More recent accomplishments include the following:

For realistic self-adaptive systems, multiple quality attributes need to be considered and traded off against each other. These quality attributes are commonly encoded in a utility function, for instance, a weighted sum of relevant objectives. Utility functions are typically subject to a set of constraints, i.e., hard requirements that should not be violated by the system. The research agenda for requirements engineering for self-adaptive systems has raised the need for decision-making techniques that consider the trade-offs and priorities of multiple objectives. Human stakeholders need to be engaged in the decision-making process so that constraints and the relative importance of each objective can be correctly elicited. The research team developed a method that supports multiple stakeholders in eliciting constraints, prioritizing relevant quality attributes, negotiating priorities, and giving input to define utility functions for self-adaptive systems. They developed tool support in the form of a blackboard system that aggregates information by different stakeholders, detects conflicts, proposes mechanisms to reach an agreement, and generates a utility function, and performed a think-aloud study with 14 participants to investigate negotiation processes and assess the approach's understandability and user satisfaction. The study sheds light on how humans reason about and how they negotiate around quality attributes. The mechanisms for conflict detection and resolution were perceived as very useful. Overall, the approach was found to make the process of utility function definition more understandable and transparent. This can be used to combine security quality requirements with other requirements in an explainable way, tracing the explanation back to stakeholder reasoning and conflict resolution. The team continued to work on using dimension-reducing approaches to focus explanations on the key factors used in decision-making for self-adaptive/self-protecting systems.

Many self-adaptive systems benefit from human involvement and oversight, where a human operator can provide expertise not available to the system and detect problems that the system is unaware of. One way of achieving this synergy is by placing the human operator in the loop - i.e., providing supervisory oversight and intervening in the case of questionable adaptation decisions.

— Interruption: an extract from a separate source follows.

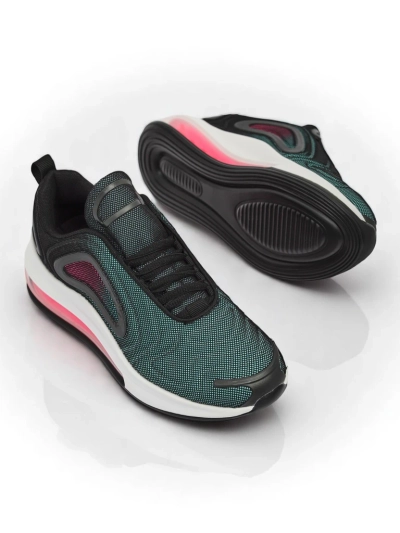 Royalfashion Sportowe sneakersy damskie Active Blend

To make such interaction effective, an explanation can play an important role in allowing the human operator to understand why the system is making certain decisions and improve the level of knowledge that the operator has about the system. This, in turn, may improve the operator's capability to intervene and if necessary, override the decisions being made by the system. However, explanations may incur costs, in terms of delay in actions and the possibility that a human may make a bad judgement. Hence, it is not always obvious whether an explanation will improve overall utility and, if so, what kind of explanation should be provided to the operator. The team defined a formal framework for reasoning about explanations of adaptive system behaviors and the conditions under which they are warranted. Specifically, they characterize explanations in terms of explanation content, effect, and cost and use a dynamic system adaptation approach that leverages a probabilistic reasoning technique to determine when an explanation should be used in order to improve overall system utility. The framework was evaluated in the context of a realistic Industrial Control System (ICS) with adaptive behaviors.

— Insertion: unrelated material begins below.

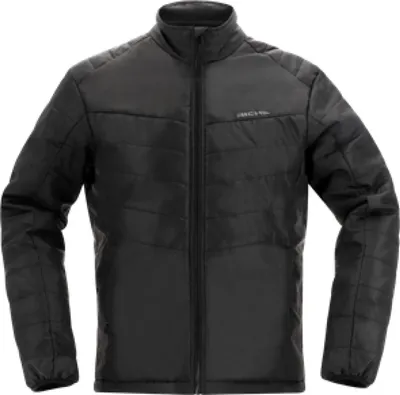 Zdjęcie produktu dla Kurtka motocyklowa RICHA GUARDIAN czarna L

They have developed a framework that uses various statistical approaches commonly used in machine learning for simplifying explanations of plans made in large trade-off spaces. The approach combines Principal Component Analysis (PCA), decision trees, and classification to understand key factors in deciding which plans to choose. The approach can allow explanations to focus on factors that really impacted the choice of plan, reducing the amount of information and context a human would need to understand to comprehend an explanation.